The application layer is the top layer of the OSI model. It is responsible for providing network services to applications. It deals with user interfaces, file transfers, and network management

  • Network Processes to Applications
  • Data Representation
  • InterHost Communication

Transport Layer

The transport layer is responsible for end-to-end communication between devices. It deals with error detection and correction, flow control, and data segmentation

End-to-End Connections:

  • Handles transportation issues between hosts
  • Ensures data transport reliability
  • Establishes, maintains and terminates virtual circuits
  • Provides reliability through fault detection and recovery
  • Information flow control

Transport Layer Implementations

The Transport layer is charge of the reliable/unreliable transport of data. It can be implemented as TCP or UDP

  • TCP (Transmission Control Protocol): A connection-oriented protocol that provides reliable, ordered, and error-checked delivery of data. It is used for applications that require high reliability, such as web browsing, email, and file transfer

    • Connection-oriented
    • Reliable
    • Error-checked
    • Ordered delivery
    • Flow control
    • Congestion control

  • UDP (User Datagram Protocol): A connectionless protocol that provides fast, unreliable, and unordered delivery of data. It is used for applications that require low latency, such as online gaming, video streaming, and voice over IP (VoIP)

    • Connectionless
    • Unreliable
    • Unordered delivery
    • Low latency
    • No flow control
    • No congestion control

TCP vs UDP:

Each frame goes through several buffers as you send it: The application buffer, The Protocol Buffer, The Software interface buffer and the Hardware interface buffer. As you start stressing the stack by sending high speed data you will fill up these buffers and either block or lose data. You also have strategies for timeliness and polling that can impact your performance. For example, by using a larger buffer and poll less often you can get much better performance while sacrificing latency

TCP is optimized for high speed bulk transfers while UDP is optimized for low latency in the Linux kernel. This has an impact on buffer sizes and how data is polled and handed over. In addition to this, you frequently have offloading to hardware for TCP. I would expect considerably better performance for TCP compared to UDP

Note that sending high speed data over UDP is usually a bad idea, unless you implement your own congestion control. TCP protects your network from congestion collapses. Use UDP when you have small amounts of data or high timeliness requirements

Network Layer

The network layer is responsible for routing data packets from the source to the destination. It deals with logical addressing, routing, and congestion control

  • The network layer provides connectivity and path selection between two host systems that may be located on geographically separated networks

Data Delivery:

  • Provides connectivity and path selection between two host systems
  • Routes data packets
  • Selects best path to deliver data
  • The Network layer prioritizes data known as Quality of Service (QoS)

Standard Protocols:

  • IP (Internet Protocol): IP is a standard that defines the manner in which the network layers of two hosts interact. IP addresses are 32 bit long, hierarchical addressing scheme

    • IPv4: 32-bit address, 4.3 billion addresses
    • IPv6: 128-bit address, 340 undecillion addresses
    • IP addresses are divided into classes: A, B, C, D, E
    • IP addresses are divided into two parts: Network ID and Host ID
    • IP Address = Logical Address

    Example: IP Address: 192.168.6.17

  • ICMP (Internet Control Message Protocol)

Devices:

  • Routers
  • Layer 3 Switch: A Layer 3 switch is a device that combines the functionality of a switch and a router. It can switch data packets at the data link layer (Layer 2) and route data packets at the network layer (Layer 3)

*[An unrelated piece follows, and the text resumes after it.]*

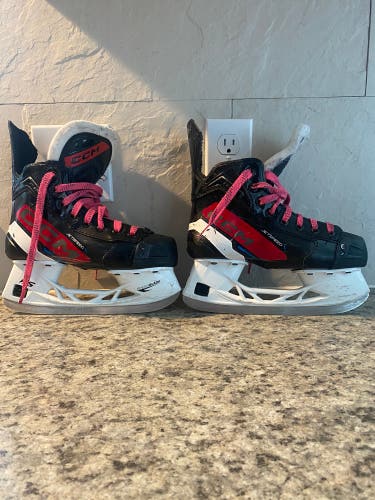 Used Junior CCM Regular Width Size 1 JetSpeed FT670 Hockey Skates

The data link layer is responsible for transmitting data frames over a physical medium. It deals with error detection and correction, flow control, and framing

  • Data Link layer protocols create, transmit, and receive packets. This layer is also responsible for logical MAC addressing and LLC processing, creating logical topologies, and controlling media access

Access to Media:

  • Defines how data is formatted for transmission and how access to the network is controlled

MAC Address

A MAC address is a unique identifier assigned to network interfaces for communications on the physical network segment. MAC addresses are used as a network address for most IEEE 802 network technologies, including Ethernet and Wi-Fi

  • The network interface card address, called the hardware address, is protocol-independent and is usually assigned at the factory. This address is technically called the media access control address (MAC) because it is found on the MAC sub layer of the Data Link layer

  • MAC Address = Hardware Address = Physical Address

  • MAC addresses are 48 bits long (6 bytes)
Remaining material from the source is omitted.